Phoenix Fire Department Deputy Chief Jeff Case spoke in January during Firehouse World in San Diego. His topic covered critical factors one should consider when creating a plan of attack on an attic fire. Chief Case took some time to speak with TargetSolutions recently to answer a few questions about how to approach fire department training for attic fires.
Attic fires present so many unique challenges. What are some of the tactical priorities firefighters need to consider when they are faced with an attic fire?
I think the first thing is to realize that you can’t approach every fire the same. The approach we take when discussing attic fires is to make sure that one considers the unique characteristics of an attic fire compared to a room and contents fire.
If you have sized it up right – upon your arrival – an isolated attic fire has not caused significant interior damage to a homeowner’s things or to the interior contents.

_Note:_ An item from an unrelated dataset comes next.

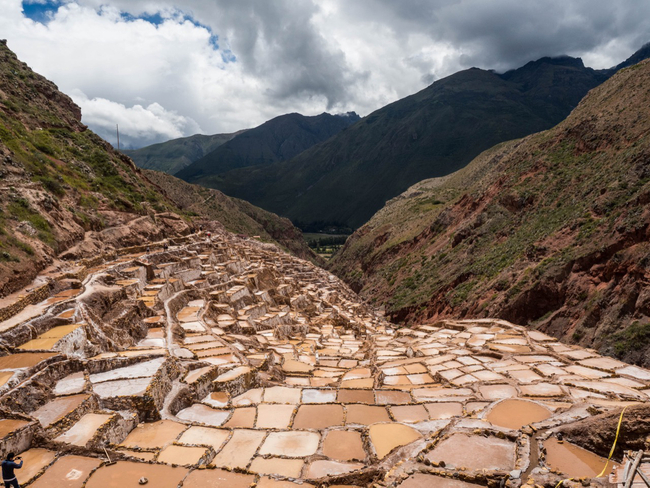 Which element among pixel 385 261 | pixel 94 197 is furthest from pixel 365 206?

Therefore, your primary focus should still be to put the fire out, but to also make sure that the approach you take puts a priority on saving the homeowner’s stuff versus saving their trusses.
People really don’t care about their trusses. Their roof can be replaced, but interior contents – rooms, valuables, and things we really don’t have the ability to make a decision in regards to what is the most valuable to somebody – those valuables can’t be replaced. So your approach should be to create and execute a plan that addresses putting the fire out while simultaneously salvaging a homeowner’s things.
We need to set a priority that once we have an all clear, or life safety addressed, our primary focus is on making sure we save people’s things, and that secondary damage – the damage that we cause – doesn’t add to the loss of people’s valuables. Basically, putting an attic fire attack plan in place addressing that priority is the focus of how we address attic fires.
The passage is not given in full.